As the difference among all the methods is similar across different sample size and test length, we have focused on the results when I = 2,000 and J = 30 in this section. The results under different sample size and test length can be found in Online Appendix B.

As the purpose of applying the mixture model method is to improve item parameter estimation, we first examine the accuracy of item parameters that need to be fixed. As can be seen in Table 1, when all the items are assumed to be responded effortfully, although the RMSE under the mixture model method is higher than that based on the original data, the magnitude is small. For the RT model, r_e is equal for both methods. The results suggest that when there are no noneffortful responses, the mixture model method can provide item parameter estimates almost as accurate as those based on the full data. When data are contaminated by noneffortful responses, the item parameters in the IRT model for both methods are recovered precisely when $π_{i}^{n o n}$ is low. However, when $π_{i}^{n o n}$ is high, the sample identified by the mixture model method yields more accurate parameter recovery. The improvement in estimation precision is more profound when $π$ = 40%. It can also be found that the mixture model method shows more advantages in terms of Cor and r_e when $π_{i}^{n o n}$ is high. We can infer from the results that the mixture model method works well in reducing the error of the item parameter estimates when noneffort severity is high, which is consistent with Liu et al.’s (2020) study. On the contrary, fitting van der Linden’s (2007) hierarchical model directly to the original full data tends to underestimate the discrimination parameter and overestimate the difficult parameter, which is in consistent with previous studies (Patton et al., 2019; C. Wang, Xu, & Shang, 2018).

Table 1.

Parameter Recovery for the Fixed Item Parameters in Simulation Study 1

$π_{i}^{n o n}$	$d_{R T}$	Criteria	Parameter	$π$
				0%		20%		40%
				Pure Sample	Original	Pure Sample	Original	Pure Sample	Original
High	Large	Bias	a	−.019	−.002	.013	.204	.032	.341
		Bias	b	.000	.000	.000	−.126	.000	−.236
		RMSE	a	.135	.103	.131	.384	.147	.558
		RMSE	b	.049	.045	.052	.176	.061	.303
		Cor	α	.992	.994	.990	.916	.987	.776
		Cor	β	.993	.994	.992	.984	.990	.971
		r_e	α, β, τ	.984	.984	.961	.796	.961	.802
	Small	Bias	a	—	—	.009	.245	.043	.413
		Bias	b	—	—	.000	−.140	.000	−.267
		RMSE	a	—	—	.157	.420	.175	.611
		RMSE	b	—	—	.057	.194	.068	.339
		Cor	α	—	—	.990	.965	.985	.897
		Cor	β	—	—	.990	.989	.988	.983
		r_e	α, β, τ	—	—	.972	.860	.967	.835
Low	Large	Bias	a	—	—	.062	.090	.154	.176
		Bias	b	—	—	.000	−.025	.000	−.046
		RMSE	a	—	—	.161	.158	.246	.242
		RMSE	b	—	—	.058	.059	.076	.084
		Cor	α	—	—	.954	.959	.899	.915
		Cor	β	—	—	.990	.992	.984	.987
		r_e	α, β, τ	—	—	.966	.961	.955	.954
	Small	Bias	a	—	—	.076	.100	.151	.191
		Bias	b	—	—	.000	−.023	.000	−.049
		RMSE	a	—	—	.178	.167	.245	.255
		RMSE	b	—	—	.057	.056	.076	.088
		Cor	α	—	—	.981	.985	.964	.969
		Cor	β	—	—	.991	.993	.989	.991
		r_e	α, β, τ	—	—	.974	.973	.967	.967

Note. Pure Sample means the estimation based on the effortful sample identified by the mixture model method. Original means the estimation based on the original full data. Cor means the correlation between the estimates of the item parameters and their true values.

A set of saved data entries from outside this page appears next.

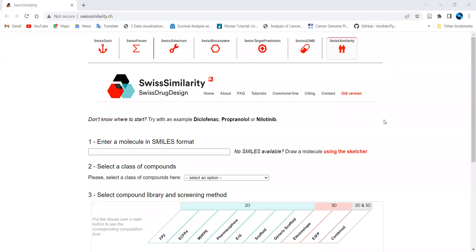Hello and welcome. Today we will be discussing one resource available for drug designing. For those working with cheminformatics, bioinformatics, or designing new molecules, this resource helps you find which drugs share similarity with your compound — useful for drug discovery and molecule design.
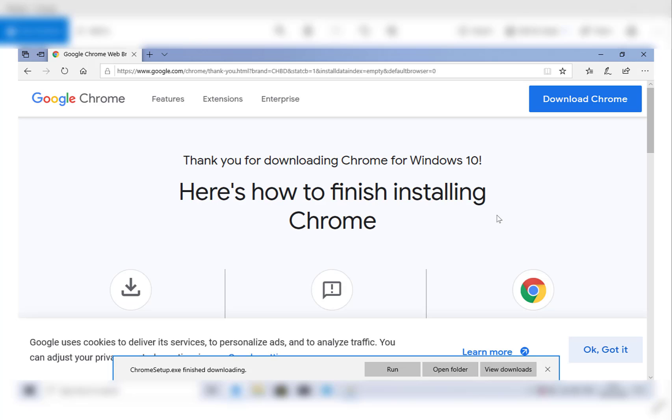Hi guys and welcome to another video. Today I'm going to be showing you how to disable or deactivate Windows S mode.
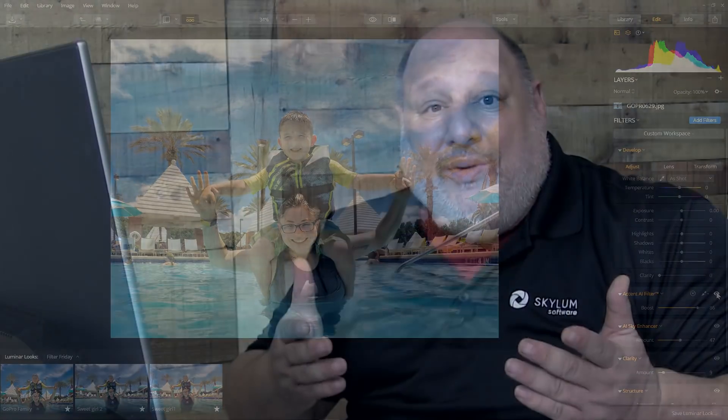That's how you use the Accent AI filter to instantly get beautiful results with just one slider. I'm Vanelli for the Skylum Education team — thanks for watching!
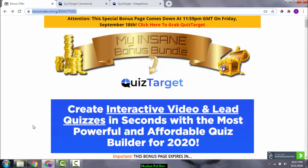This brings me to the end of this review. I feel it is a good product — it's for somebody who wants to build a list and create interactive video and lead quizzes. So that's a small review of Quiz Target. Thank you for watching, and if you found this review useful, kindly consider subscribing to this channel, and also comment, like, and share.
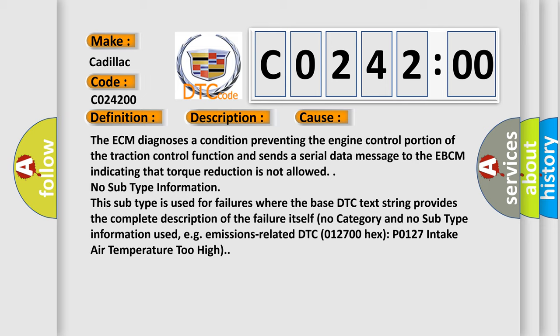No subtype information. This subtype is used for failures where the base DTC text string provides the complete description of the failure itself. No category and no subtype information used, for example, emissions-related DTC 012700 hex P0127 intake air temperature too high.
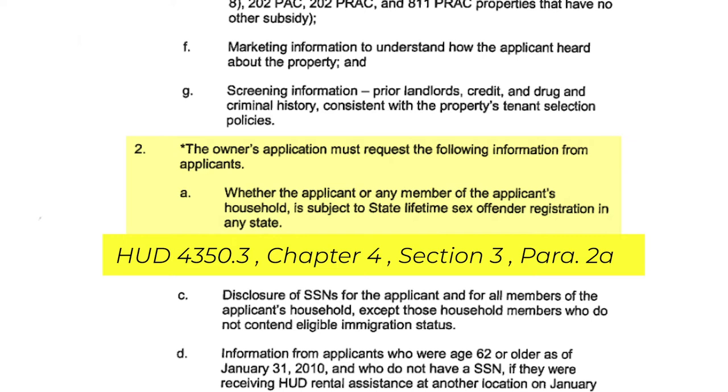Your application should ask the question if anyone in the household is a registered sex offender or on any state lifetime sex offenders registry. According to the handbook and HUD Notice 2012-11, it should ask applicants to list all the states where any or all household members have lived. It would be your job to run a sex offender background check in all of those states.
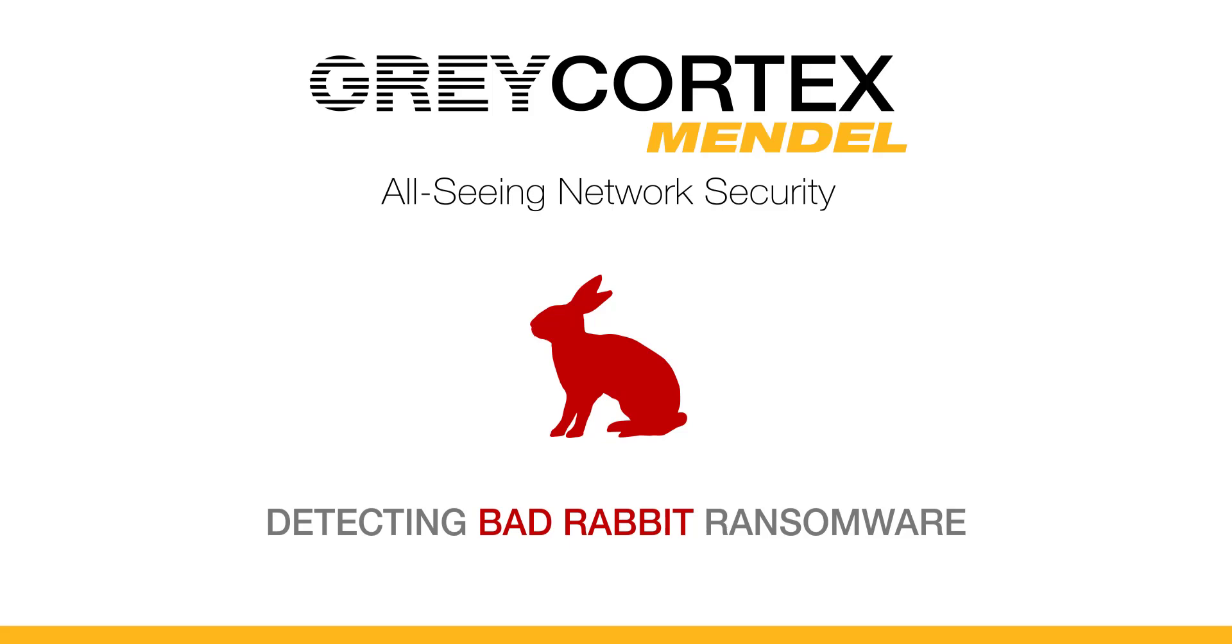If you've seen the news lately, especially technical or security blogs, you know that a new ransomware has appeared in Eastern Europe. It started on or about the 24th of October and is now starting to spread worldwide. It's called Bad Rabbit.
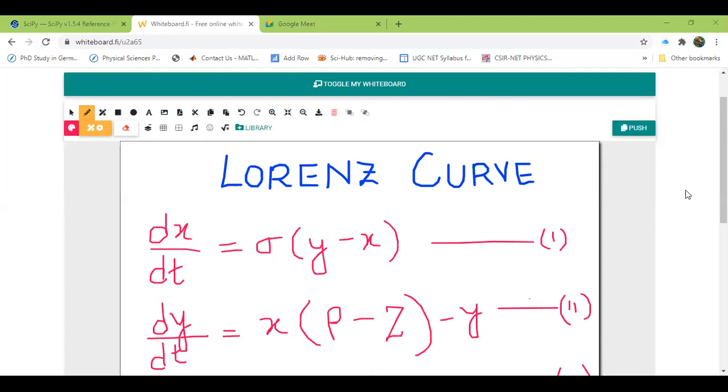So I'm back with yet another very interesting class on SciPy. In my previous class, I have shown you how to solve the first order ODE, and then I have solved the second order ordinary differential equation. I have shown you how to solve the damped harmonic motion. I have a few queries regarding damped harmonic motion solution, which I'll address just now and then move on to our next thing. Today, we will do the Lorenz curve.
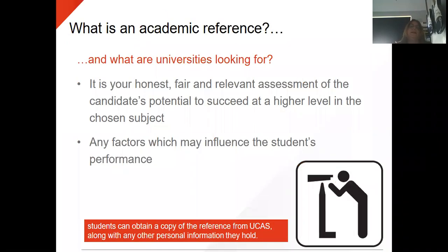So what is an academic reference? What are universities looking for? It is your honest, fair and relevant assessment of the candidate's potential to succeed at a higher level in their chosen subject. Any factors that may influence the student's performance should also be noted. Please remember that students can obtain a copy of the reference from UCAS along with any other personal information they hold.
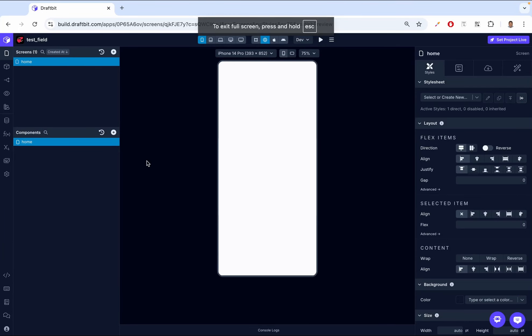Hey there, I'm Douglas from DraftBet, and in today's video, we'll be talking about the icon component. The icon component is a small visual element that you can use to display images or symbols in your application. It's perfect for enhancing your UI with graphical elements like icons from popular icon libraries.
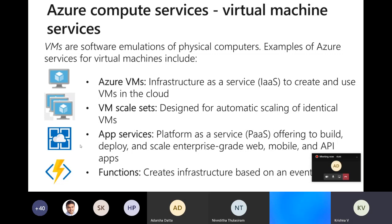That's the full end-to-end picture of compute services. Before going into containers, I want to go into the Azure portal to show how things are organized so you get a feel for Azure. Please let me know if you can see the screen.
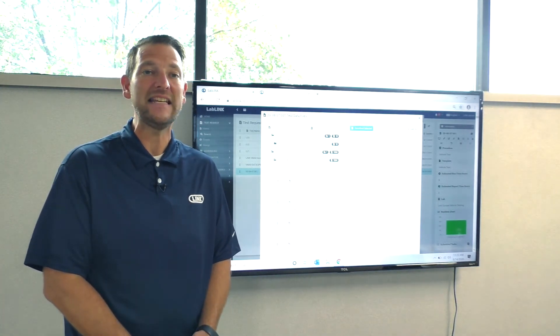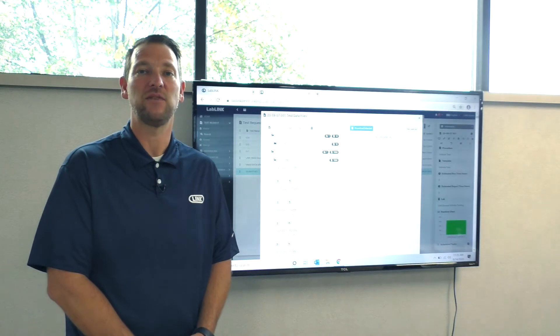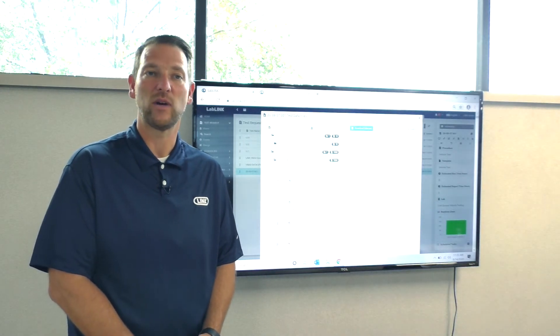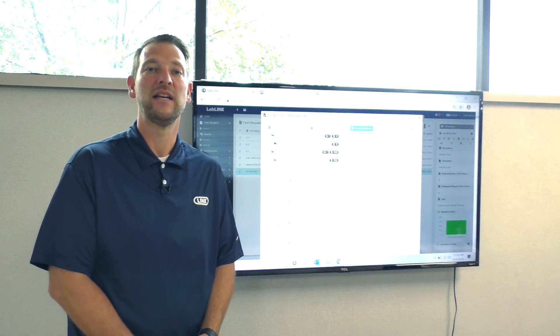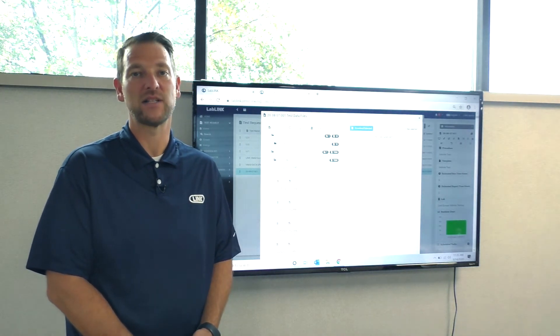If needed, even test data analyzed outside of LabLink can be stored in the data warehouse module as an attachment to the test request.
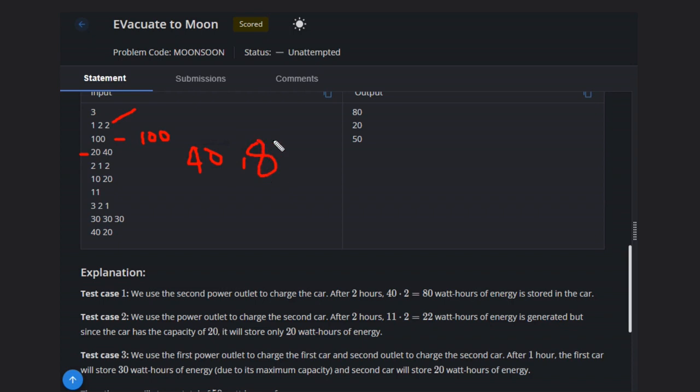What will be the maximum? Maximum possible is this one. This will be the answer. Hope you understand this. This will be the answer and let's see another case that is this one.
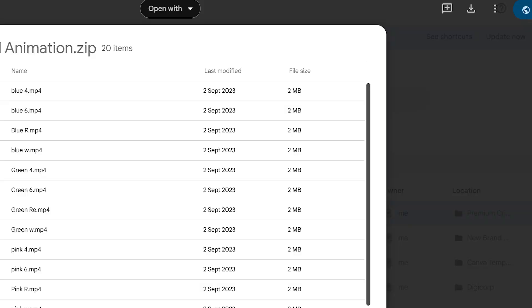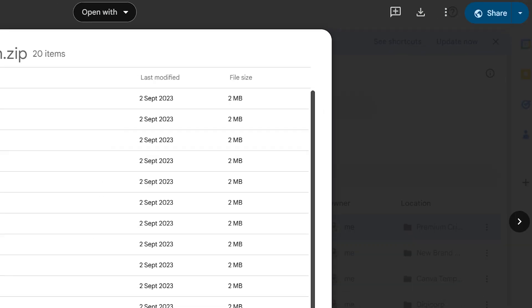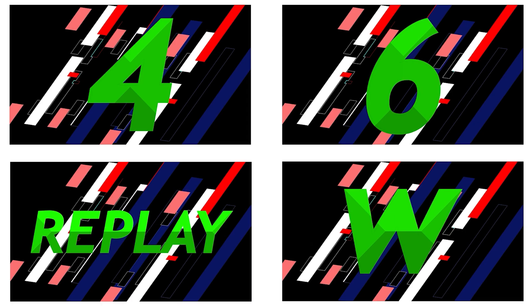Let's see how to download the animations. Click the link below in the description — you will find the download button on the right side above. Or you can right-click on the animation folder and you will find the download option for it.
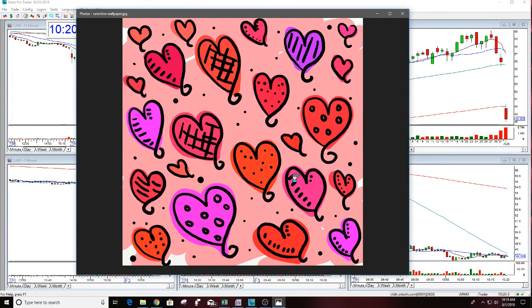In the moment that you are in this heartache, you can't conceive of being in love again, and you think it's the end of the world. It's the same way with trading.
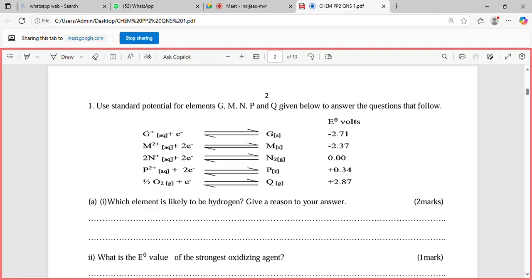We are given the standard potentials for these elements. Then you are asked, part (a) Roman numeral one: which element is likely to be hydrogen? Give a reason. The element which is likely to be hydrogen is element N.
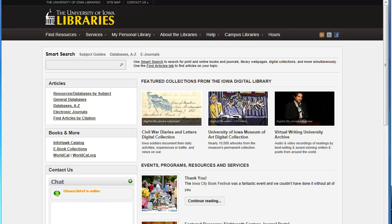Creating an Account in RefWorks. RefWorks is a web service the library subscribes to that enables you to save references to books, articles, and other items, insert those references into your paper, and automatically generate a bibliography. This tutorial just covers creating your own account in RefWorks. There are other tutorials that help you actually use RefWorks.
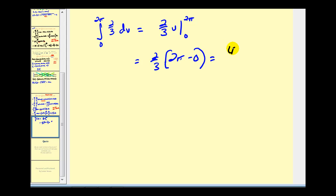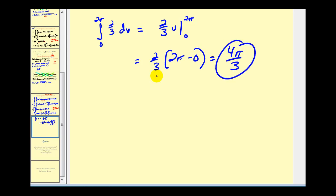So the final answer is four pi over three. This example was pretty involved and I did skip a little bit of work due to time, but I hope you found it helpful.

The number of iterations under ICSR is summarized in Table 2. The higher level of noneffort severity requires more iterations before convergence is achieved.

Table 2.

Number of Iterations Under ICSR in Simulation Study 1

$π_{i}^{n o n}$	$d_{R T}$	$π$
		0%		20%		40%
		M	SD	M	SD	M	SD
High	Large	4.00	0.00	6.67	.48	7.77	.43
	Small	—	—	6.47	.51	7.20	.41
Low	Large	—	—	3.17	.38	3.00	.00
Low	Small	—	—	4.00	.00	4.00	.00

Note. ICSR = iterative conditional estimate standard residual method.

Table 3 summarizes the average TPR and FDR for noneffortful responses for all the three methods. In the condition that all the responses are effortful, TPR cannot be calculated and FDR is always 1. We computed the false positive rate (FPR, similar to Type I error in this situation) instead, which was defined as the percentage of responses incorrectly flagged as noneffortful in all the responses. The FPR for OSR and CSR are 0.047 and 0.048, respectively, which are both close to the nominal level (0.05). The FPR for ICSR is slightly inflated (0.060). The proportions of “pure sample” are about 95% for these methods. For each condition, the proportion of detected noneffortful responses are presented as well. First of all, when $π_{i}^{n o n}$ is low, the proportions of noneffortful responses detected by all the methods are close to the true proportions. Second, when $π_{i}^{n o n}$ is high and $d_{R T}$ is large, only ICSR can detect noneffortful responses close to the true proportions. The proportions of detected noneffortful responses in OSR or CSR are much smaller than the true proportions. Third, when $π_{i}^{n o n}$ is high and $d_{R T}$ is small, the proportions of detected noneffortful responses by all the methods are smaller than the true proportions, with OSR and CSR showing even much smaller proportions than ICSR.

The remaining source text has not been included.